There are strong chances that August 2011 will go down as my best month in reading ever; and the month isn't even done yet.  That said, I've been having a hard time telling people why what I've been reading is so amazing.  I've tried and fail to write commentary for Great House by Nicole Krauss three times.  I've since given up; I'm determined that it will be easier to do upon re-reading.  Weeks after finishing Great House I am still learning new things.  It's tough making concise quasi-intelligent remarks about a book where so little happens, and no, I don't mean that in a bad way.  I will say, regardless of what the author may think (I'll ask her in November at a signing), I roll my eyes every time I see a review for the book that says, "It's about a desk..."  

With Krauss, my main problem in not being able to write a half-decent commentary was how much I enjoyed the book.  I wasn't ever, for a second, thinking of stopping to take notes.  Her truly spellbinding way with prose held me awe.  Bathroom breaks were planned before or after reading.  The phone was turned off, not merely put on silent.  I recall at least two skipped meals while reading Great House.  Horrible I know...

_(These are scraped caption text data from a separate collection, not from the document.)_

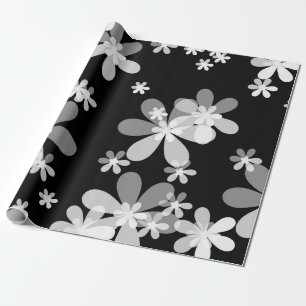 svartvit blommigt presentpapper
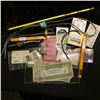 Image 1 : Watch Mesh Chain for a Fob; miniature Sword; Hat Pin; small perfume with no cap; braided leather wat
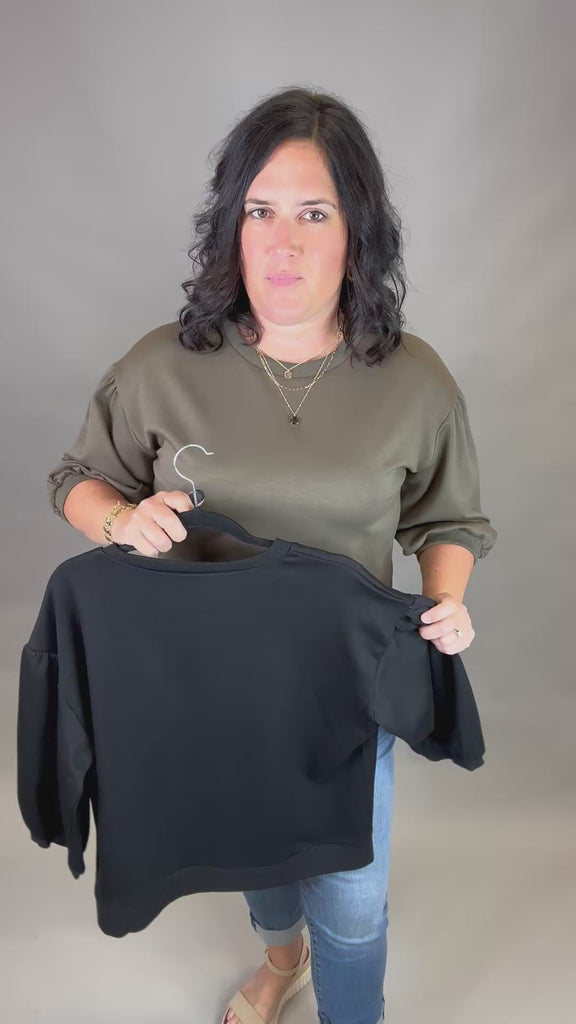 Black Peasant Sweatshirt Top Top - Sweatshirt JODIFL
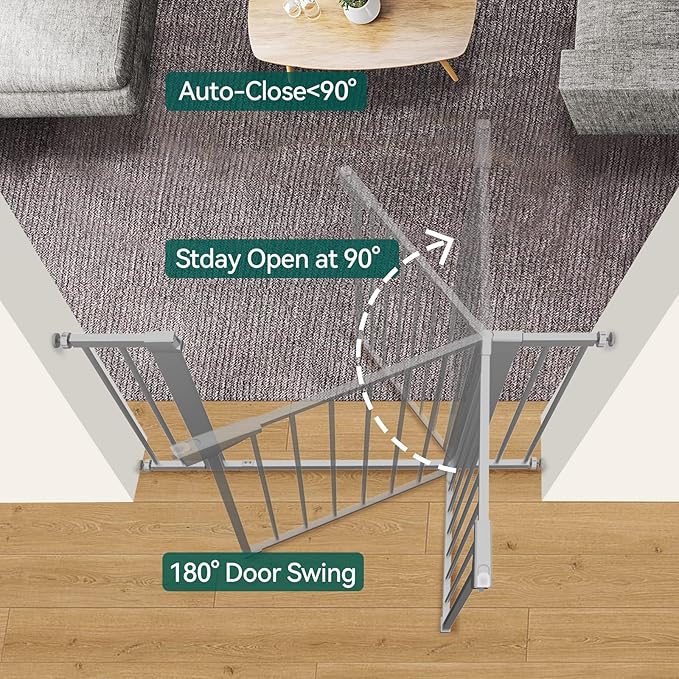 BABELIO 36-Inch Tall Baby Gate, 26-40" Wide Auto-Close Pet Gate, Easy Install and No-Drilling, Pressure Mounted with Wall Protectors and Extension Kits, Gray
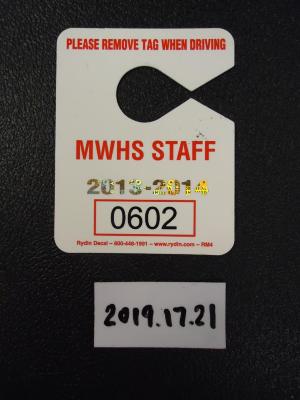 MWHS Parking Tag
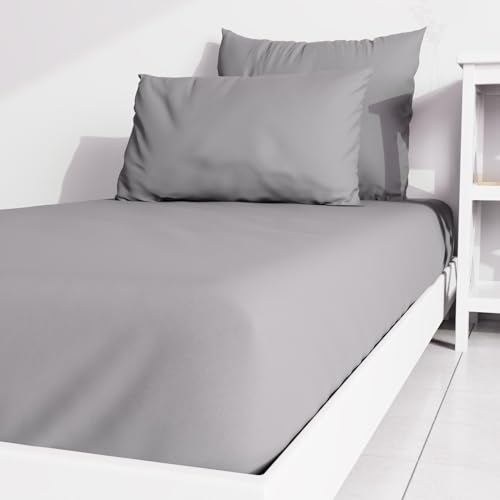 Atmosphère, ZZZ Plain Fitted Sheet 90 x 190 cm Grey - Home & Kitchen Amazon UK à 4.28€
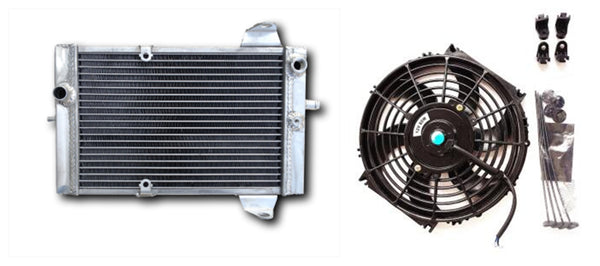 GPI ATV Aluminum Radiator & fan for 2003-2009 Kawasaki KFX700 KFX-700  2004 KFX 700 2003 2009 2008 2007 2006 2005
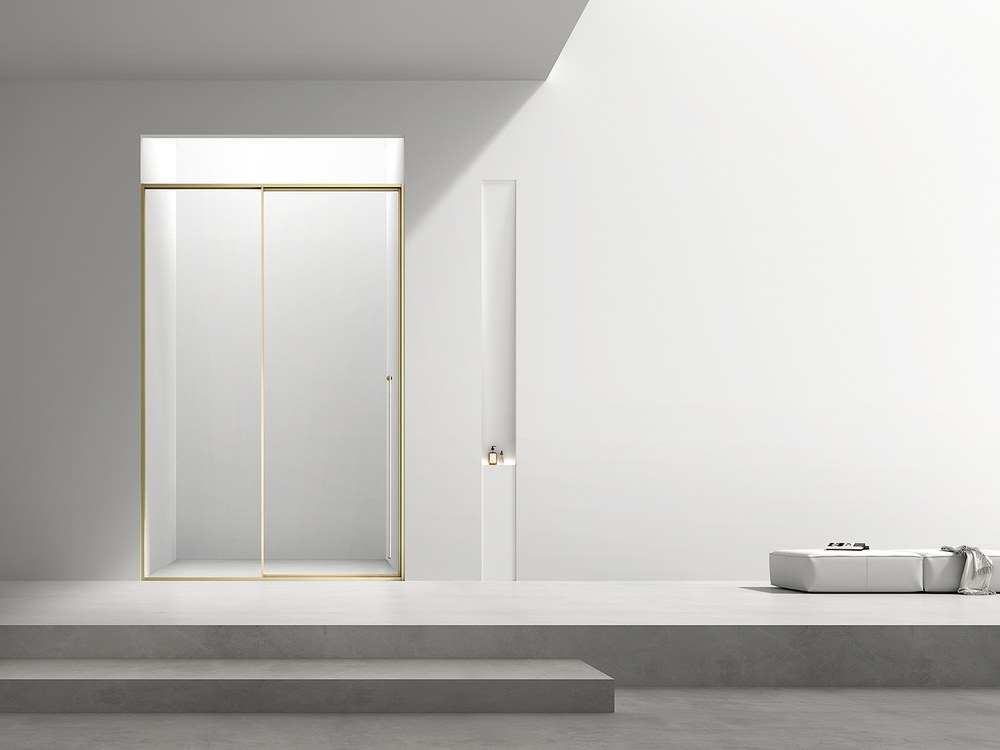A custom frameless shower enclosure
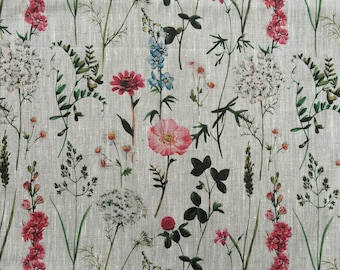 Tissu en lin Meadow, Summer Meadow Flowers, Beige chiné, Lin ramolli pour la couture, Largeur 150 cm/60"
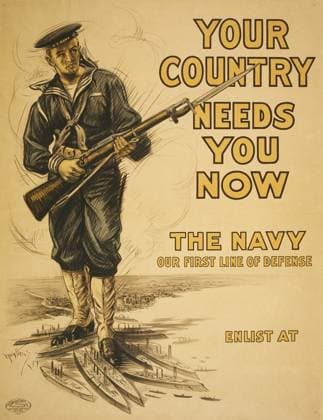 Naval officer with rifle, Your Country Needs you Now, The Navy, Our First Line of Defense , World War I Recruitment Poster, Josef Pierre Nuyttens, USA, 1917  Copyright: xCircaxImagesx ghi-circa03050
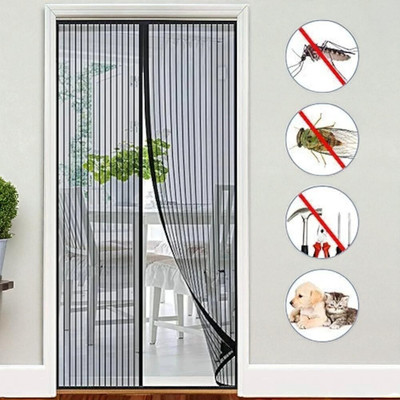 Aditya Polyester Adults Washable Auto-Closing Magnetic Door Mosquito Net_a232 Mosquito Net(Black, Frame Hung)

I also enjoyed The Magician King a great deal.  Unlike Great House, lack of commentary for Lev Grossman's latest can only be blamed on me being a lazy ass.  It happens... I will get around to it before his author event in town next week, or at least that is my goal.  As with The Magicians, I have a lot to say.

Call me by your name might just be the most beautiful thing committed to paper.  When I finish I'll have more to say on this gorgeous book by Andre Aciman.   For now, suffice it to say: Go.  Read.  It.  Now.

I've also yet to finish Kushiel's Dart by Jacqueline Carey.  I'm about a third of the way in thus far and more than anything else read this month, boy do I ever have some things to say about this one.  It's massive and books this size, 900+ pages, always present problems for me.

I may get to and through The Tiger's Wife as well which would probably be in lieu of plowing through more pages of Carey.  We'll see.

So fear not; I've fallen off the blogging horse but things in my most interesting life of reading are still happening.  More to come soon (-ish).  

Monday, August 8, 2011

The National Book Award 2010

I'm calling shenanigans; blindly.  I finished Great House by Nicole Krauss the other day and without having read any of the other finalist for 2010 I can say the panel got the it wrong.  I'm done being silly now.  Great House was amazing and if nothing else completing it will urge me to read Lord of Misrule by Jaimy Gordon; the winner of the 2010 National Book Award.  

Great House was delicious.  Sex with butter and chocolate might come close; or something like that...  It almost demands a re-read before commentary.  And so I'll fault Krauss for starting my, "To Be Re-Read List."  As if I don't have enough books to read for the first time.  There will be a few others on the list as well however, Great House will occupy a unique space encompassing a re-reading for both pleasure and comprehension.

Lord of Misrule has a lot to overcome.